Suppose you want to build a robot to achieve some real-world goal for you—a goal that requires the robot to learn for itself and figure out a lot of things that you don’t already know.1
There’s a complicated engineering problem here. But there’s also a problem of figuring out what it even means to build a learning agent like that. What is it to optimize realistic goals in physical environments? In broad terms, how does it work?
In this series of posts, I’ll point to four ways we don’t currently know how it works, and four areas of active research aimed at figuring it out.
Like most games, this game has clear input and output channels. Alexei only observes the game through the computer screen, and only manipulates the game through the controller.
The game can be thought of as a function which takes in a sequence of button presses and outputs a sequence of pixels on the screen.

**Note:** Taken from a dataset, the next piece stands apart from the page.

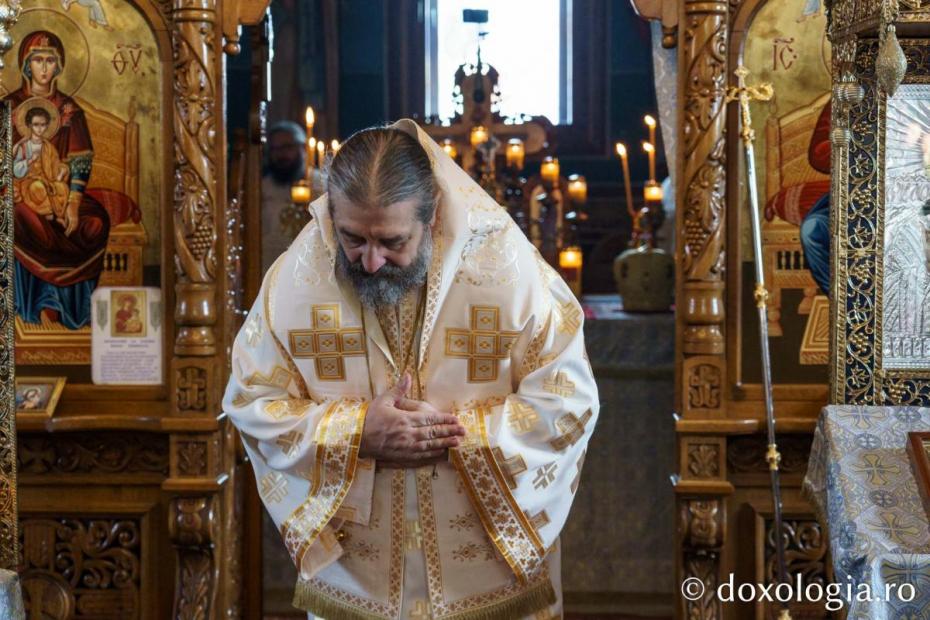 Slujire arhierească la Capela „Sfântul Spiridon” din cadrul Căminului de bătrâni Leorda / Foto: Mihail Vrăjitoru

Alexei is also very smart, and capable of holding the entire video game inside his mind. If Alexei has any uncertainty, it is only over empirical facts like what game he is playing, and not over logical facts like which inputs (for a given deterministic game) will yield which outputs. This means that Alexei must also store inside his mind every possible game he could be playing.
Alexei does not, however, have to think about himself. He is only optimizing the game he is playing, and not optimizing the brain he is using to think about the game. He may still choose actions based off of value of information, but this is only to help him rule out possible games he is playing, and not to change the way in which he thinks.
In fact, Alexei can treat himself as an unchanging indivisible atom. Since he doesn’t exist in the environment he’s thinking about, Alexei doesn’t worry about whether he’ll change over time, or about any subroutines he might have to run.
Notice that all the properties I talked about are partially made possible by the fact that Alexei is cleanly separated from the environment that he is optimizing.